I tell myself I should chill out because I’m reading too much into these threads by anonymous people. I read the comments over and over, like I might find some pattern in the language. I’m aware that I might be allowing the investigation, all its disparate threads, envelop me. And then I think about how the anonymity the internet provides does seem like it could make for a safe outlet, a catharsis, for someone who lives a secret life in the physical world as a murderer, to finally talk about all the violence in which he partakes with no repercussions.
I message LindsayLohan6: I think I found the Long Island Serial Killer.
I send her links to posts by genius. It’s like I can step outside of myself and see that I’m acting paranoid, but can’t stop the momentum. Then, just to give you, reader, the clearest picture here, you should know that my living room walls had become completely covered in papers that I’ve printed out and thread together in an attempt to connect every clue gathered. It’s gruesome wallpaper. My very own Fright Dome. I put it all up late one night in a kind of manic episode. It was the only way to process everything. Every conversation I had was printed out and highlighted. The victims whereabouts. I could close my eyes and envision the roads from Manorville to Gilgo Beach.
LindsayLohan6 messages back: He could def be the killer. It’s gotta be him or someone who posts as much as him in my opinion. It’s someone who visits prozzies as much as he does. I don’t think someone who is that into mongering wouldn’t post about it.
I create a Utopia Guide account. My attempts to reach the owner and moderators of Utopia Guide go unanswered or are deleted.
Why would a killer post on a public forum about anything that could lead to his capture? Probably because he’s not the killer. Just a bad human proud of his cruelty. But I also wouldn’t doubt that a killer who has gotten away with murder for so long wouldn’t have a confidence that keeps growing the longer he remains free. Getting off on the thrill of alluding to his crimes on a public site.
Tricia from Websleuths says she’s never heard of Utopia Guide. But the idea of it sickens her. She talks to me on the phone while we look at the site together.
“Isn’t it weird that we have access to this?” she says. “That we might be reading the actual killer’s words?
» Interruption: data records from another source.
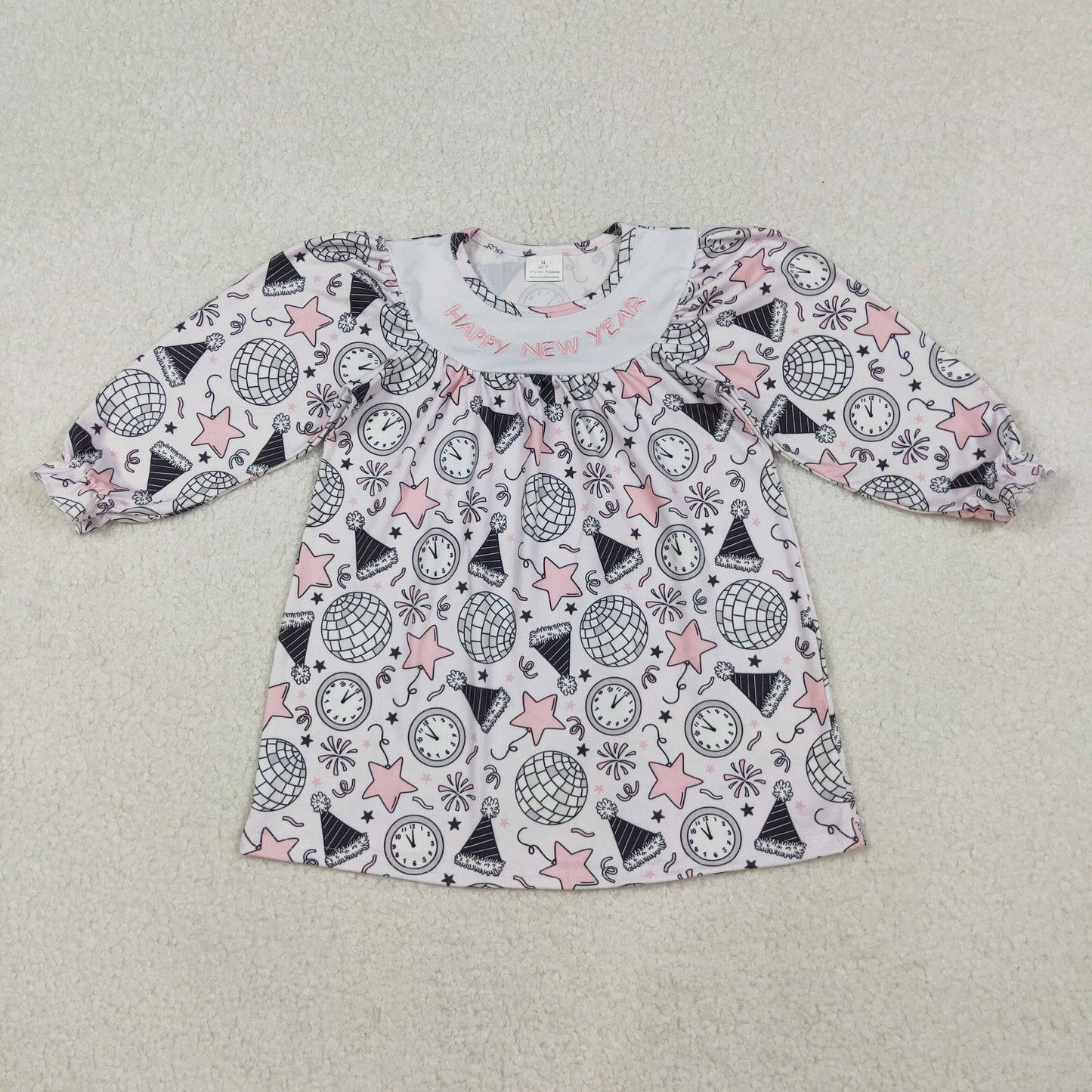 embroidery GLD1231 Happy new year firework light star long sleeve girls dress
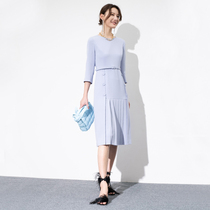 BEEWOOD Biwutong original design womens imported acetate round neck three-quarter sleeves high waist pleated dress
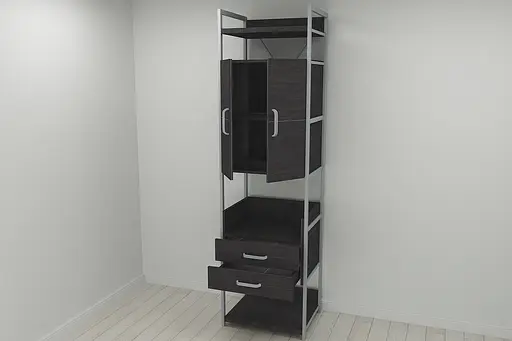 Шафа Гардероб Уні секція 5 серії Конект Ferrum-decor 220x60x50см Сірий метал ДСП Венге Магія 32 мм (FRD-104516)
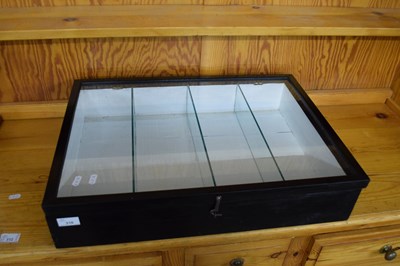 Lot 310 - SMALL BLACK PAINTED WOODEN DISPLAY CABINET,...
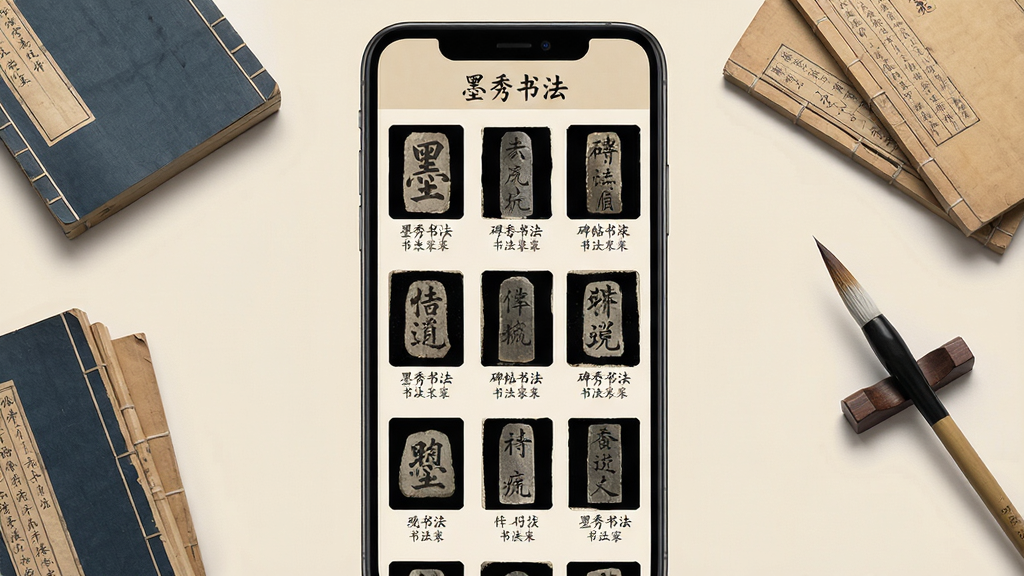 墨秀书法APP内碑帖资源库界面截图,手机屏幕中展示着排列整齐的古代书法碑帖缩略图,每张缩略图下方标注着碑帖名称和书法家姓名,界面顶部有“墨秀书法”字样,背景为淡米色,画面中散布着几本古籍和毛笔,整体风格古朴典雅,画质高清,干净无多余元素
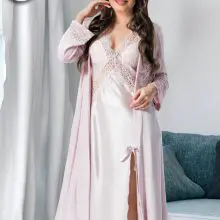 Plus Size Long Satin Nightgowns and Robes Images Women Silky Soft 007 S – XL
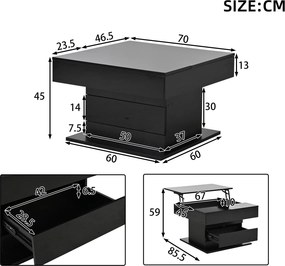 Masă de cafea rotativă 360° cu funcție de ridicare, spațiu de depozitare ascuns și 1 sertar, 70x70x45 cm, Negru
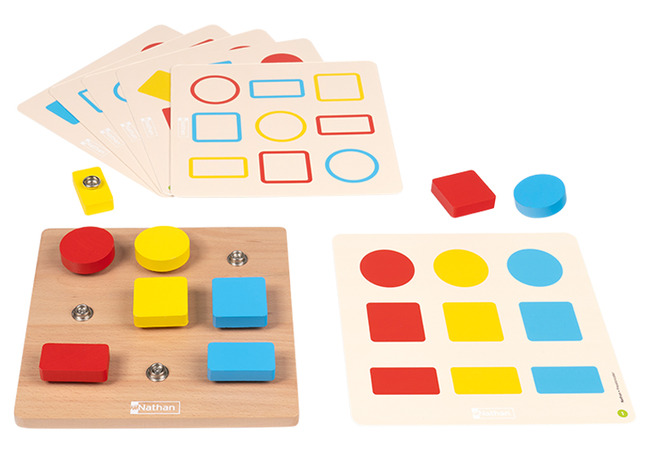 Spel - drukknop kleur en vorm - Nathan Pressioncolor - kleur en vorm - hout - per spel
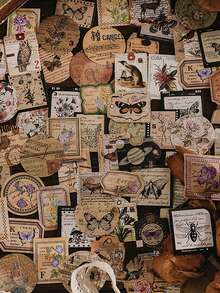 （1 盒，46 件）复古蝴蝶和植物贴纸、剪贴簿 DIY 装饰贴纸、PVC 防水贴纸、学校用品、返校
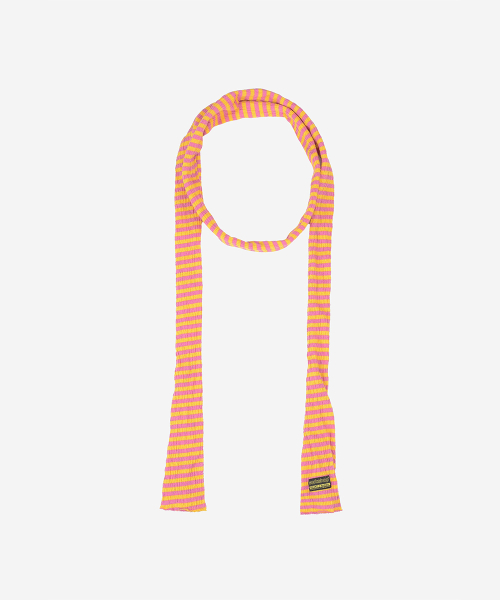 WORKSHOP SKINNY STRIPE MUFFLER YELLOW/PINK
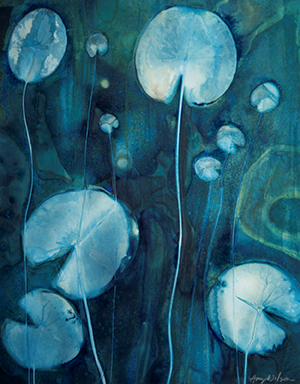 A blue painting created by artist Amy Wilson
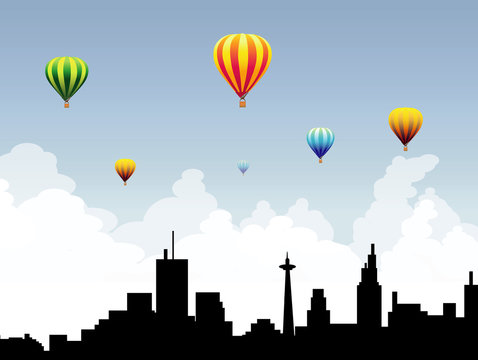 Beauty of Air Balloons on City Skyline-Vector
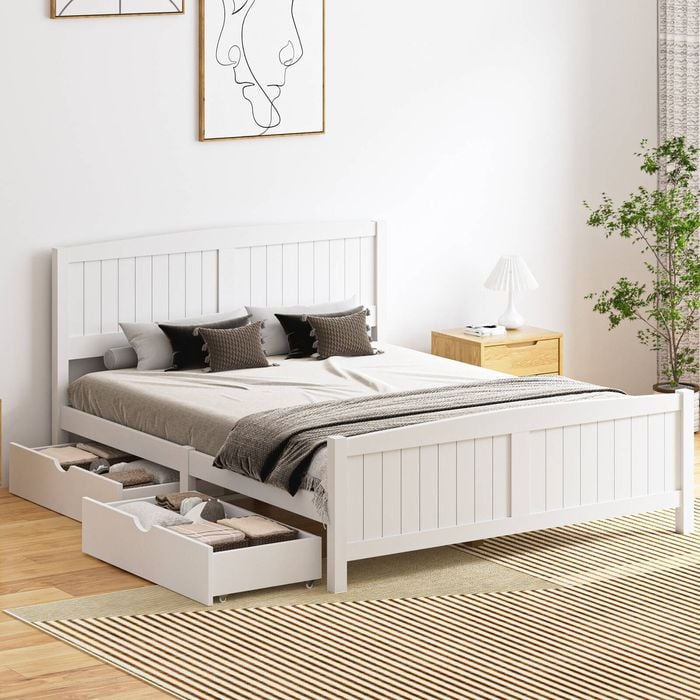 Oikiture Wooden Bed Frame Queen Size with Trundle Drawers White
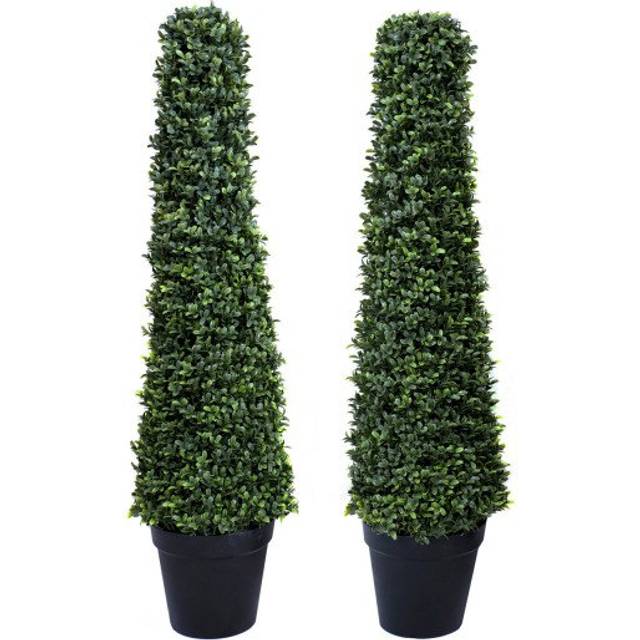 Artificial Boxwood Topiary Cone shaped Tree (Set of 2) 100cm (71cm H X 56cm W X 30.5cm D)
It is creepy.”
I’m not sure if she is really buying into my thought that the killer is on Utopia Guide or if she’s just really good at consoling people who think they’ve found some dark truth on the Web.
She tells me that by law you have to list if you own a domain. “I wouldn’t be surprised if this person’s server is also overseas,” she says. “Like listed on the Rock of Gibraltar.”
She looks into it for me.
“It’s like I thought,” she says. “UtopiaGuide.com is registered with a registrant company to protect the owner’s privacy.” She sends me the name of the “company:” IB4 Media. There’s an address and a phone number listed. “It’s scary to venture out there on the Internet,” she says.
When I put IB4’s address into Google Earth the satellite image just hovers over New Jersey. Finds no real address.
Anyone who’s done the unglody task of reading comments on the internet has probably seen the acronym ib4. According to Urban Dictionary: ib4 is “used on forums to state that someone is posting in the thread before something imminent.”
I reach out to Gray Hughes to see if he can make anything of the address. He’s managed to find that it’s just a firehouse in Freehold, New Jersey.
In the morning, I call IB4 from a pay phone. The number’s fake. What am I even expecting to find? Paranoia is contagious. I catch myself actually looking over my shoulder. Paranoia makes you feel like you’re at the center of the conspiracy. There is an ego involved in thinking that maybe, just maybe, you’re important enough to insert yourself into the fringes of a terrible string of unsolved murders. I fear all my time spent rooting around the gutters of the Internet has got me sliding into madness. I wonder if the Utopia Guide moderators have pinned my IP address. I’ve taken screenshots of all the violence in the reviews on their site. Have authorities vetted this? Was $ right all along?
I reach out to Zero and tell him that I’ve been talking to LindsayLohan6. He points out something I didn’t notice. LindsayLohan6, LL6, is one letter and one number below MM7 — MysteryMom7. He’s not sure who she is, if it is even a she, or what that all means, but he agrees that she’s done some major research. He’s seen her work before. Her name could just be a way of mocking MysteryMom, he says.
I also start to get emails from people I’ve run into in the comment sections of these serial killer blogs. Not only are my walls lined in theory and evidence, but when I close my eyes it’s as if the victims and the beaches and the woods on Long Island are carved on the backs of my eyelids.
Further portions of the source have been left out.